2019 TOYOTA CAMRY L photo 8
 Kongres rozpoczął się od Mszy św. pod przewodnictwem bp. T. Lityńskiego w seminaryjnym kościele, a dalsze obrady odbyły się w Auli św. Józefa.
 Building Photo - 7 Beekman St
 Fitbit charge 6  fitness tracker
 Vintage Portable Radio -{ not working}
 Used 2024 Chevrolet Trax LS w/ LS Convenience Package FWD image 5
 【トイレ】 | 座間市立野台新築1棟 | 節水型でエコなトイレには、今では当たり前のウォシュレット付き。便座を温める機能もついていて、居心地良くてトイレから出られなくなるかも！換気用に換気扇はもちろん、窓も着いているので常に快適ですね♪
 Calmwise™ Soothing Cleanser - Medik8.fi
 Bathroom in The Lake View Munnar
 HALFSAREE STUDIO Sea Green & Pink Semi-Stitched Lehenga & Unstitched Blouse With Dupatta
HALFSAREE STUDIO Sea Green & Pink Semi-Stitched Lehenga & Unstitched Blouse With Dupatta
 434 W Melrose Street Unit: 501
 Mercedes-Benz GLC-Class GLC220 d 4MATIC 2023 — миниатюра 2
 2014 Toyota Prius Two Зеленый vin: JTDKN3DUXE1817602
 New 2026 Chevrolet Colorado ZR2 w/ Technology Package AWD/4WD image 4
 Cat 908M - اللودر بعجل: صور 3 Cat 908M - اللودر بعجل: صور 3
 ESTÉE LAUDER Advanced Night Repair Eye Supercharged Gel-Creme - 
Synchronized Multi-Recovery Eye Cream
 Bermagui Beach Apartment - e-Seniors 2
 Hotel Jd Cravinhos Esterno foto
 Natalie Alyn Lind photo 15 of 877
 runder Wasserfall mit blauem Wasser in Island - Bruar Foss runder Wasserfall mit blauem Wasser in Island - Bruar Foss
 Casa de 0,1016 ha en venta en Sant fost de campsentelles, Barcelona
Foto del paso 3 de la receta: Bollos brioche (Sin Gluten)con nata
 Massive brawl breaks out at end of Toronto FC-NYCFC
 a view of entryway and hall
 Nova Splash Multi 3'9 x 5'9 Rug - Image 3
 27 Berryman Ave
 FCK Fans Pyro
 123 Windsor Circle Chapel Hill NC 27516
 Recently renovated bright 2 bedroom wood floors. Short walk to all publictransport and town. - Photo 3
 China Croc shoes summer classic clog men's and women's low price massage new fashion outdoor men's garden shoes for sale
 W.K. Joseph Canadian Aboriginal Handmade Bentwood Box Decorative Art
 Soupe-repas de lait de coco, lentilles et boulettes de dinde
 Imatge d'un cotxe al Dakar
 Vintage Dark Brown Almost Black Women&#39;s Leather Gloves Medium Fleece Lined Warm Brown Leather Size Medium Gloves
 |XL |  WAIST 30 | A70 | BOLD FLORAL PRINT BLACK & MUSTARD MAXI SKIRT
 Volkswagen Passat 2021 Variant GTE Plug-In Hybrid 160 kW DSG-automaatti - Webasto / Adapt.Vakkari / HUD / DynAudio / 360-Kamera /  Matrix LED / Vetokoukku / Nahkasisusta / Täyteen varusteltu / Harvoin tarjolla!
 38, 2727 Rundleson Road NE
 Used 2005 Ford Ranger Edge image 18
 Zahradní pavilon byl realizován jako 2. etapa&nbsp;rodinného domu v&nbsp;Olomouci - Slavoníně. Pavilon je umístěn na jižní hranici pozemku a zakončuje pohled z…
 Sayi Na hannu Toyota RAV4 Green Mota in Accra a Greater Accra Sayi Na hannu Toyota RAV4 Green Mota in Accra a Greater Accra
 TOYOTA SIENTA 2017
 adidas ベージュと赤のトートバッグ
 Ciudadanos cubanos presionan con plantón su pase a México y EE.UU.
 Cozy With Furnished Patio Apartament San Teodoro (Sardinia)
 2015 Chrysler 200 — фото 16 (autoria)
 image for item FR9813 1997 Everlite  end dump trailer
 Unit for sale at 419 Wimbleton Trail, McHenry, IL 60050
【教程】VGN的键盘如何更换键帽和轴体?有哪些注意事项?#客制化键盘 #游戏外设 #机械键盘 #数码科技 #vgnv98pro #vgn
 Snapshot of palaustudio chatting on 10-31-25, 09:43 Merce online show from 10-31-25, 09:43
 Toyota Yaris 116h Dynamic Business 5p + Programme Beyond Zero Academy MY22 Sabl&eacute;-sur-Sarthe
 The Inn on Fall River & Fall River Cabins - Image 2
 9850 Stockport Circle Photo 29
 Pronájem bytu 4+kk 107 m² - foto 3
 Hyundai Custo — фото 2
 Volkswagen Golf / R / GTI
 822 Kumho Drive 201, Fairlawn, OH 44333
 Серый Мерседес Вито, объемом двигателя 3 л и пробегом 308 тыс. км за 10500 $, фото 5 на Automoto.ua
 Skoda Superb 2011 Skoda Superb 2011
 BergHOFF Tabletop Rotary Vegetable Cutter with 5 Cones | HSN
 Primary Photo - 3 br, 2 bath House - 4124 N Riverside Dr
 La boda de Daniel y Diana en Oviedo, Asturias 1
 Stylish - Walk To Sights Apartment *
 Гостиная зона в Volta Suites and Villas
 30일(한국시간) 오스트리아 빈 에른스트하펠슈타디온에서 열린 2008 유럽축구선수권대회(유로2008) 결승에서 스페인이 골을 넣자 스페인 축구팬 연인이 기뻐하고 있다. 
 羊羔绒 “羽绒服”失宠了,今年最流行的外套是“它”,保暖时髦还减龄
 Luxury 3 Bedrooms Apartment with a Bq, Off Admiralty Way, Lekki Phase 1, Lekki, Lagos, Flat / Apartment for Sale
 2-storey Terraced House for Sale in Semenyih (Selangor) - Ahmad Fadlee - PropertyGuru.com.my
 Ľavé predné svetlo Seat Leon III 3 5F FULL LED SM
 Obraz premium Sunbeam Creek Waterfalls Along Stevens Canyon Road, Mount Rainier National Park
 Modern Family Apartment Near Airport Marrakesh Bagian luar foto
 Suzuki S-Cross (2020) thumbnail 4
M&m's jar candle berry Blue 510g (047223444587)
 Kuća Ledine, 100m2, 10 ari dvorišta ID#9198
▬▬▬▬▬▬
- ACTIVITY
Set down, unchanged, only those lines above that fall between the line with "123 Windsor Circle Chapel Hill NC 27516" and the line with "W.K. Joseph Canadian", the two end lines included.

- ANSWER AREA
 123 Windsor Circle Chapel Hill NC 27516
 Recently renovated bright 2 bedroom wood floors. Short walk to all publictransport and town. - Photo 3
 China Croc shoes summer classic clog men's and women's low price massage new fashion outdoor men's garden shoes for sale
 W.K. Joseph Canadian Aboriginal Handmade Bentwood Box Decorative Art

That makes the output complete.